- _The task_
Every line below that holds the string "Silver" should be copied.

[Stored entries]
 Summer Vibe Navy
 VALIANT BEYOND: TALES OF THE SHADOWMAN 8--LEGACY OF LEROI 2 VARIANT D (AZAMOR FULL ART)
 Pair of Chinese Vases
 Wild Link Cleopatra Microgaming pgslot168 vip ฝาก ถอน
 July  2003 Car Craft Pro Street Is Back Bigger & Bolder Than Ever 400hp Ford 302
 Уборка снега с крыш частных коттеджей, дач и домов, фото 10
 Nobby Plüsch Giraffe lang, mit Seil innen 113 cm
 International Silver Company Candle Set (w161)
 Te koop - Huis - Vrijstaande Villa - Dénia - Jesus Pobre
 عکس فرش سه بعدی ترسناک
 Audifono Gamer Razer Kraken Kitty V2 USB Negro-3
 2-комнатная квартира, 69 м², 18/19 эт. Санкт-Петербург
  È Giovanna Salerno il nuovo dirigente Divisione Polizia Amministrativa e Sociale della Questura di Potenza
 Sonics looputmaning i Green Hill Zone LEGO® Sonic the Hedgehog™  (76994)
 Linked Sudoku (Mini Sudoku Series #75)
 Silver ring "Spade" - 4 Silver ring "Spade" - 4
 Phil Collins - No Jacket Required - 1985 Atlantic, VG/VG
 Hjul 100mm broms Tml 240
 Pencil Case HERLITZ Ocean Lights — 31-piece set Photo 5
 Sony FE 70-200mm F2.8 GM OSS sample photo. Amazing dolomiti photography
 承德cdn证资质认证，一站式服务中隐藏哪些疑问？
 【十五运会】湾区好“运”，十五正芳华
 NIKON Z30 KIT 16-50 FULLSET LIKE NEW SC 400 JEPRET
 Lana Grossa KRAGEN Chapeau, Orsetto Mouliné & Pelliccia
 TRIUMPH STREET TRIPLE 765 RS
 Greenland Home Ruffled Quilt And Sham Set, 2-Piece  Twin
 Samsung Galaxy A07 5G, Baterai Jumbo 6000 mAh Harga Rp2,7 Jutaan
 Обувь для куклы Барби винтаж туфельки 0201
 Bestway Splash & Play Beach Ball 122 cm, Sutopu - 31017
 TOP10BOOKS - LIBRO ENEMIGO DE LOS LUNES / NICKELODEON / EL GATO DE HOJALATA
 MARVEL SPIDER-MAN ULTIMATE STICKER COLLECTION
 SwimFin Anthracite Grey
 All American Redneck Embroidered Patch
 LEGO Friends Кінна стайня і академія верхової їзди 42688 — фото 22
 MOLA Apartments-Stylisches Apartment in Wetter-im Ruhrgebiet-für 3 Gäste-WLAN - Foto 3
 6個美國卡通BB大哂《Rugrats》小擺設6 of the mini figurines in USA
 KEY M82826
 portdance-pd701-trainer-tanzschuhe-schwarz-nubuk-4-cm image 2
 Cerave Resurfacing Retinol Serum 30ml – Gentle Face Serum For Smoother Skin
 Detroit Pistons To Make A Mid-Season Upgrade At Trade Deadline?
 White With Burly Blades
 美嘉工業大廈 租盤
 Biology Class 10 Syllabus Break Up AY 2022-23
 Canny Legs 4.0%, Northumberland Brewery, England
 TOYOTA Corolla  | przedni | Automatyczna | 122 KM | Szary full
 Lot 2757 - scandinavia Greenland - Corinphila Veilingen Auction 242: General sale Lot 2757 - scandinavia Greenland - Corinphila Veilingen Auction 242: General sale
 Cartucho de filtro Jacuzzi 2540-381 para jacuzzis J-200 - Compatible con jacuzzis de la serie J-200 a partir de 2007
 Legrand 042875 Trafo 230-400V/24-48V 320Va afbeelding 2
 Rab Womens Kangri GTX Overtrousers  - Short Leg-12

- _Response for this exercise_
 International Silver Company Candle Set (w161)
 Silver ring "Spade" - 4 Silver ring "Spade" - 4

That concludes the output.